As I sit and reflect on your life, I've been wondering why I haven't broken down and big one big 'ole emotional mess. And now I know why: our last words to each other were, "I love you." Most people don't get to say that those were their last words to a loved one and they're all depressed and sad talking about the woulda, coulda, shouldas. And I'm truly at peace knowing that I don't have any regrets with you. Thank you for loving me, supporting me, and being there for me. I love you and you will be missed.
Adeyinka,
I think I'm one of the few folk from STEP '99 who insisted on ALWAYS calling you Adeyinka. Every memory I have of you will always start with that too hot summer in 1999, you're great, brusque sense of humour, and your fierceness for protecting and loving your friends. The past few days, I've run into or spoken with so many folk from AU, some that I haven't been in contact with in years, and everyone has the same story to share about you: how loving, generous and funny you were, and how much you truly touched their lives. I send you love and blessings b/c I know that death is not real and that you are still here with us.
Love & Peace,
Cynthia,
My Dear Friend, My Sister, My Same Age Mother, My HomeGirl...

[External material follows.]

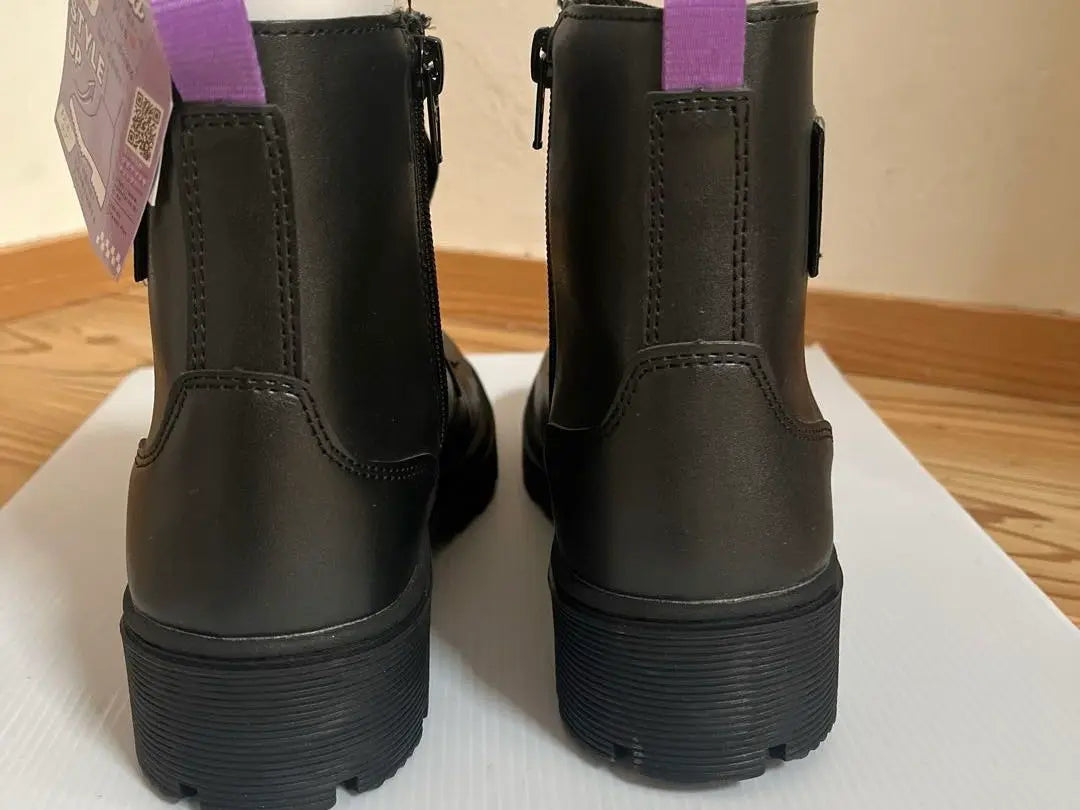 Botas Moonstar 23.5ee Centi Ni-MO Negras | 新品 ムーンスター23.5EEセンチ NI-MOブラック ブーツ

So many fond and great memories of you... I remember Summer 99, we had a cookout together Me, You and Shola for our graduation from High School... We were together everyday that summer (remember?)... I Remember you and I talking about what sorority we would join when we get into college and what we wanted to major in... The time came in August of that year for all of us to start our college lives in separate places, and that we did! I remember coming home for the holidays and we all would get together and have fun, it was the best time, we were all in college and we thought we were so grown (lol)!... That's when you had the Honda Passport...
Here we are 10 years later with all the memories that I will one day share with my children...
Ohhhh, I have so many memories of My dear Friend Cynthia...
I Love you my sister, I Love you, I Love You, I Love you...
My dear friend Cynthia,
Where do I start? June 1999...
It was the first day of STEP. I remember I heard you before I actually saw you. You had a BIG personality and BIG voice to go with it. Your presence was felt from day one. You’ve laughed so loud and hard that tears came to your eyes, you’ve cheered at games so loud that you lost your voice, you’ve sung so loud in gospel choir that I swore you had a solo, you’ve cracked jokes so loud that I had to put my head down… but as much as I’ve enjoyed sharing those loud moments with you, it’s the quiet moments that I will remember and miss the most.
I’ll never forget freshman year when we both had our “I hate AU” moments and we wanted to quit. We vowed that as long as we hung in there together that we’d both make it through and we did. May 9, 2003 we walked down the aisle for graduation together.
I’ll never forget our endless talks about being Greek and how we secretly promised to be the best AKA/Delta duo that ever walked AU’s campus. That meant a lot to me because it showed that we acknowledged our differences AND we embraced them. We encourage each other to attain our goals whether they were the same or different.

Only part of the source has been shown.